===== GIVEN MATERIAL

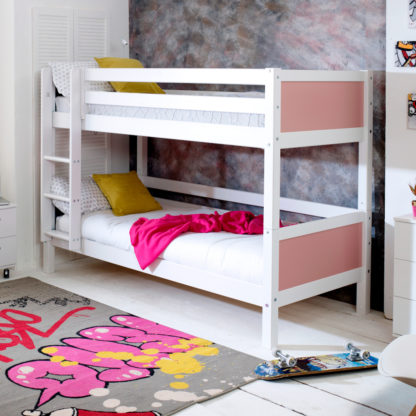 c6ef254410321ac31b12aaf12de354a1f5f5265f13651a2e10bd5a389a2d0ec8.jpg An Image of Nordic White and Rose Wooden Bunk Bed - EU Single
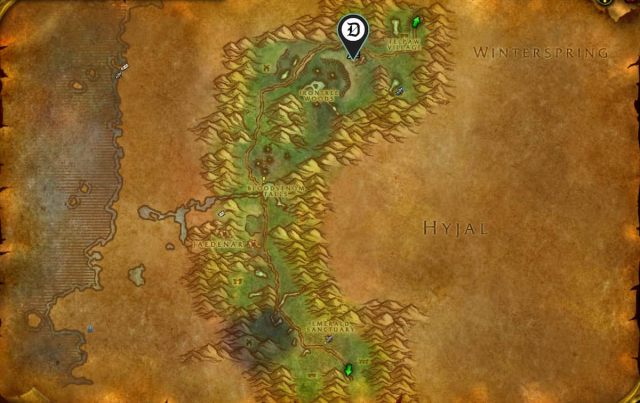 A map of Felwood in WoW Classic with instructions for the Cleansing Felwood quest marked .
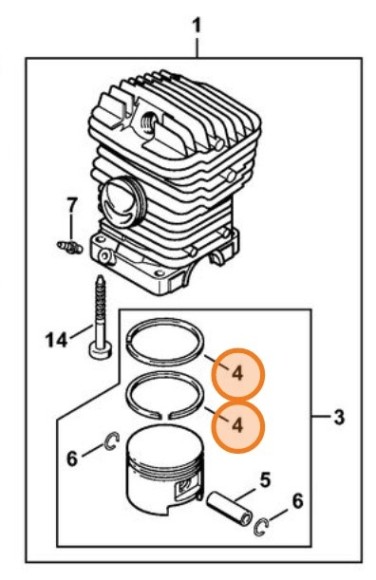 Кольцо поршневое O 49x1,5 мм (11270343007)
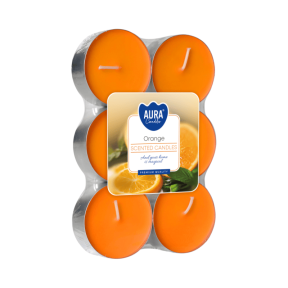 Чаени свещи 6 бр., ø5.7x2.2 см - портокал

==========

* WHAT IS REQUIRED: Begin with the line holding "A map of Felwood" and end with the last line of the listing. Reproduce each of those lines exactly, and leave every picture out.

* PROBLEM SOLUTION:
 A map of Felwood in WoW Classic with instructions for the Cleansing Felwood quest marked .
 Кольцо поршневое O 49x1,5 мм (11270343007)
 Чаени свещи 6 бр., ø5.7x2.2 см - портокал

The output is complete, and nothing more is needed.